Ik denk toch dat we heel actief moeten zijn in het organiseren van concerten en veel meer online media moeten gebruiken.
Het orgel is nu ‘verstopt’ in de kerken, en daar vinden zondagdiensten plaats waar weinig mensen en heel weinig jongeren
komen. Het kerkorgel dreigt een ver-van-mijn-bed-show te worden. Dus moet het kerkorgel op nieuwe manieren aan de man en
vrouw gebracht worden.
Misschien moet je concerten organiseren samen met andere instrumenten of zangers, zodat je ander publiek trekt. Of organiseer
een concert c.q. open dag van het orgel, waarbij bezoekers uitgelegd wordt wat een orgel is en hoe dit in elkaar steekt.
Dus niet volstaan met het op afstand naar een orgel laten kijken.
Kortom, zorg er dus voor dat het orgel gebruikt blijft. Dan blijft het instrument ook goed onderhouden.
Tot slot
Na een digitale voorbereiding ben ik bij de drie prijswinnaressen van 1988 op bezoek geweest. Praten over orgels en
orgelmuziek riep bij alle drie dierbare herinneringen op. Fotoboeken en albums met krantenknipsels kwamen op tafel.
Twee van de drie zijn – om verschillende redenen – helemaal gestopt met orgelspelen, maar ook zij zijn nog
steeds enthousiast over wat het orgelspelen hun heeft gebracht. Jongeren van nu zijn zulke intense ervaringen ook
van harte gegund. Unaniem raden zij jongeren van nu aan muziek te gaan beoefenen. En dan te kiezen voor
klassieke-muzieklessen. Die geven een solide basis waarvan je profiteert, ook als je later naar de lichte muziek
overstapt. In dit verband wist Froukje de Haan zich te herinneren, dat haar orgeldocent Piet Wiersma destijds
weigerde lessen op keyboard te geven. Punt is wel dat jongeren tegenwoordig minder gauw met het orgel in aanraking
zullen komen dan vroeger. Gelukkig zijn er veel initiatieven om scholieren met het orgel kennis te laten maken.
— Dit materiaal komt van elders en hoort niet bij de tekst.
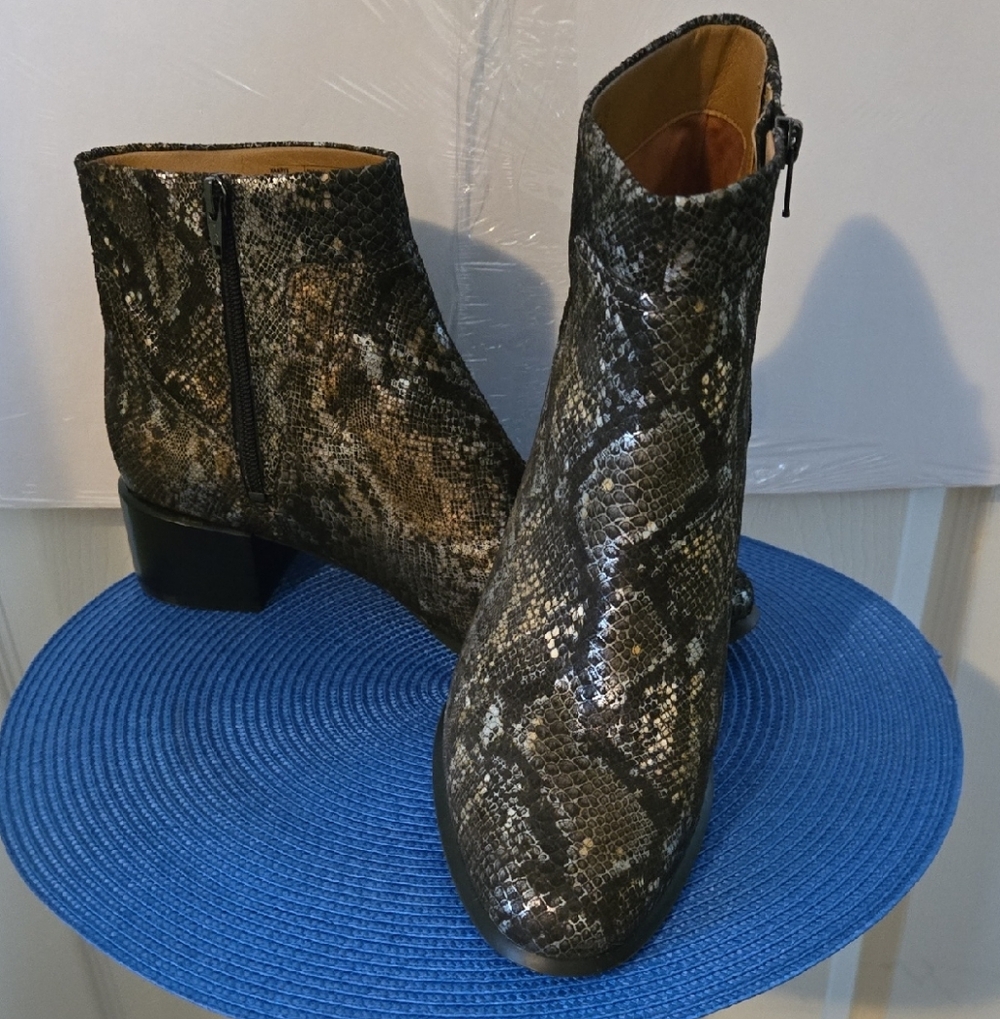NWOT Vionic Kamryn Snakeskin Pattern Ankle Boots - Black and Brown Size 10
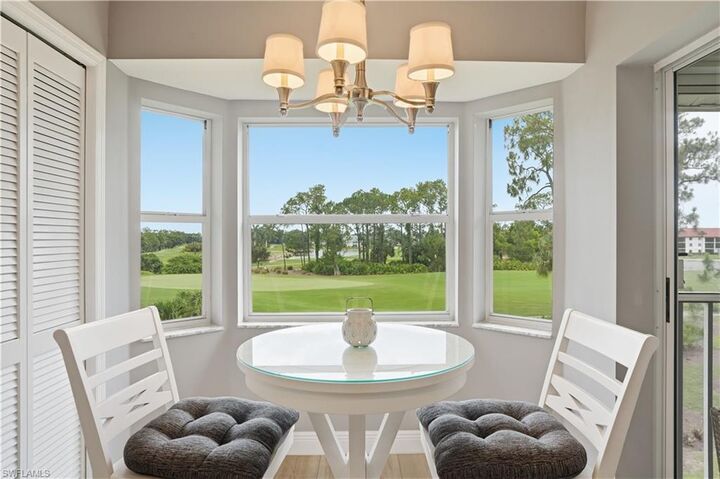 Property Photo: 7360 Glenmoor Ln 304 FL 34104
Daarnaast kan het samenspelen met anderen en andere instrumenten ook een stimulans vormen. De drie winnaressen van
1988 laten in elk geval zien hoe muziek het leven kan verrijken.
Johan Sjoukema
(met dank aan de personen die ervoor zorgden dat ik met de prijswinnaressen van 1988 in contact kon komen)
* Friese of Nederlandse plaatsnamen? Het tegenwoordige Ferwert heette in 1988 nog Ferwerd. Voor het overige zijn de
door de geïnterviewden gebezigde plaatsnamen aangehouden.
** Els heeft over haar dramatische ervaringen met slechthorendheid in haar jeugd en doofheid op latere leeftijd beschreven
in het boek ‘Cochleaire capriolen; gehoor in beweging’, uitgeverij Elikser Leeuwarden 2009.